Gaza: uno spiraglio per la tregua
GERUSALEMME — Da dodici anni l’emiro del Qatar ospita i leader di Hamas, ma da un mese li ha avvertiti di prepararsi al trasloco. È stato il segretario di Stato americano, Antony Blinken, a trasmettere il messaggio al premier qatarino Mohammed bin Abdulrahman Al Thani in aprile. Gli americani avevano chiesto nel 2012 al piccolo regno del Golfo di offrire una sede ai leader dell’organizzazione palestinese, con l’obiettivo di mantenere aperto un canale per mediare con il gruppo che controlla Gaza dal 2007.
Ora, Blinken sta usando tutte le pressioni, compreso lo sfratto, affinché Hamas accetti l’ultima proposta che i negoziatori stanno discutendo in Egitto. Ha voluto chiarire al Qatar che una risposta negativa a questo punto non è accettabile. Attraverso i media sauditi, i jihadisti lasciano trapelare che sono disposti a procedere con il piano per una pausa nei combattimenti, diviso in tre fasi: durante la prima fase, lunga sei settimane, verrebbero rilasciati 33 ostaggi israeliani tra donne, minori, anziani e malati.
Scambio di prigionieri e prospettive future
Nei passaggi successivi, i soldati e gli uomini con meno di 50 anni verrebbero scambiati con altri detenuti palestinesi. Secondo fonti saudite, gli israeliani sarebbero pronti a scarcerare Marwan Barghouti, condannato a cinque ergastoli, a condizione che si trasferisca a Gaza, nonostante sia originario della Cisgiordania dove vive la sua famiglia. Barghouti è considerato da molti palestinesi, diplomatici internazionali e persino da alcuni israeliani come l’unico vero successore all’anziano raìs Mahmoud Abbas.
I rappresentanti di Hamas sono attualmente al Cairo, mentre il premier israeliano Benjamin Netanyahu avrebbe rinviato la partenza della delegazione guidata dal direttore del Mossad. Netanyahu ha lasciato trapelare due messaggi per ridurre le aspettative di una svolta nei negoziati: una “fonte politica di alto livello” ha ribadito che l’esercito procederà con l’invasione di Rafah e che per Israele non è possibile aderire a un cessate il fuoco permanente. I leader di Hamas avevano invece ricevuto garanzie sulla fine del conflitto e sul ritiro delle truppe israeliane dalla Striscia.

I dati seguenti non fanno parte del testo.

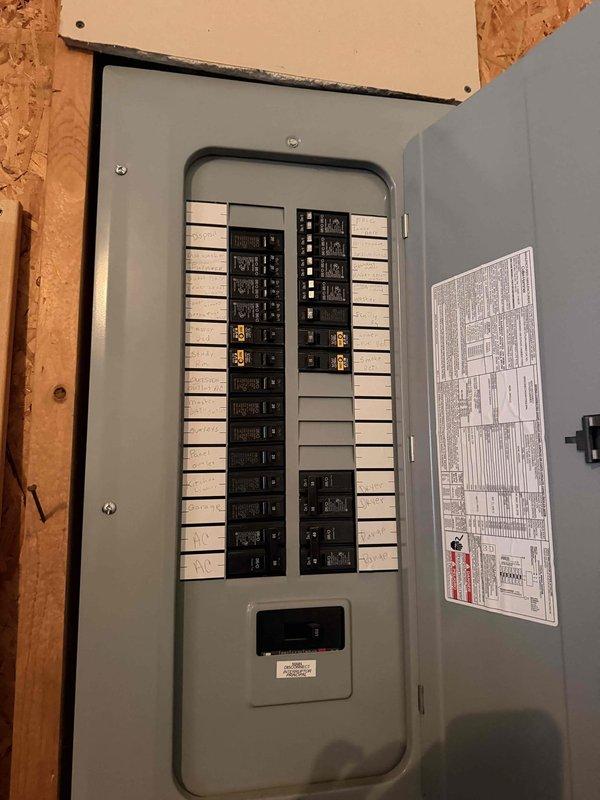 Conducted site assessment for potential natural gas generator installation. Inspected and documented existing electrical panel configuration, noting circuit distribution and load allocation across multiple household systems. Customer seeking information only at this time; no installation work performed.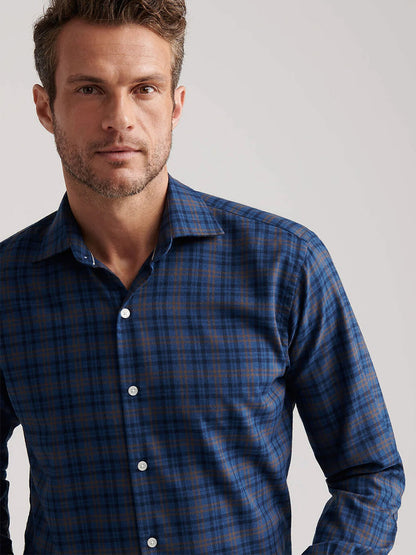 A man wears the Peter Millar Bar Harbor Performance Flannel Sport Shirt in Blue Haze, made from lightweight performance fibers, standing against a plain light background and looking at the camera.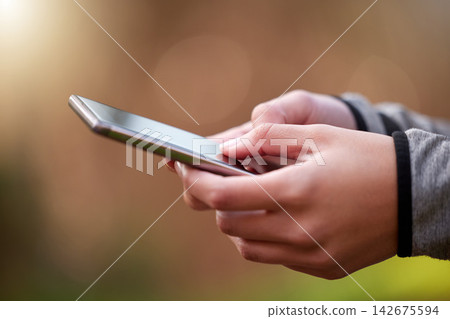 Outdoor, hands and smartphone with typing, woman and internet with social media, check progress and digital app. Person, athlete and runner in park, cellphone and mobile user with network and contact Outdoor, hands and smartphone with typing, woman and internet with social media, check progress and digital app. Person, athlete and runner in park, cellphone and mobile user with network and contact 142675594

Le pressioni interne ed esterne
Tzahi Hanegbi, un fedelissimo del premier e consigliere per la Sicurezza Nazionale, ha dichiarato ai telegiornali israeliani che le truppe entreranno a Rafah “molto presto” e che Yahya Sinwar, il pianificatore dei massacri del 7 ottobre, “non resterà vivo”. Sarebbe proprio Sinwar ad avere l’ultima parola sul possibile accordo, mentre il Canale 12 israeliano specula che i segnali “positivi” potrebbero essere una tattica per guadagnare tempo.
I familiari degli ostaggi sanno di avere sempre meno tempo. Ieri sera, migliaia di persone sono scese in piazza a Tel Aviv per manifestare, chiedendo che l’intesa venga finalizzata e invocando le dimissioni del governo. Dopo la pausa nei combattimenti alla fine dello scorso novembre, ancora 133 ostaggi sono tenuti prigionieri dai terroristi, tra loro una trentina è stata dichiarata morta dall’intelligence israeliana.
La crisi umanitaria a Gaza
Nel frattempo, gli abitanti di Gaza stanno affrontando una crisi umanitaria senza precedenti. “La carestia sta per scoppiare ed è già in corso nel nord della Striscia” denuncia Cindy McCain, direttrice del Programma Alimentare Mondiale. Gli americani hanno sospeso la costruzione del porto flottante al largo della Striscia a causa delle condizioni avverse del mare. Questo pontile dovrebbe permettere un afflusso molto maggiore di aiuti proprio nella parte del territorio più colpita dalla fame.
La situazione a Gaza è drammatica: quasi 35 mila palestinesi sono stati uccisi nei 211 giorni di guerra. Le condizioni di vita stanno peggiorando di giorno in giorno, con migliaia di famiglie che lottano per la sopravvivenza. La comunità internazionale guarda con preoccupazione a una crisi che sembra non avere fine, mentre i negoziati per una tregua faticano a trovare un punto di incontro tra le parti coinvolte.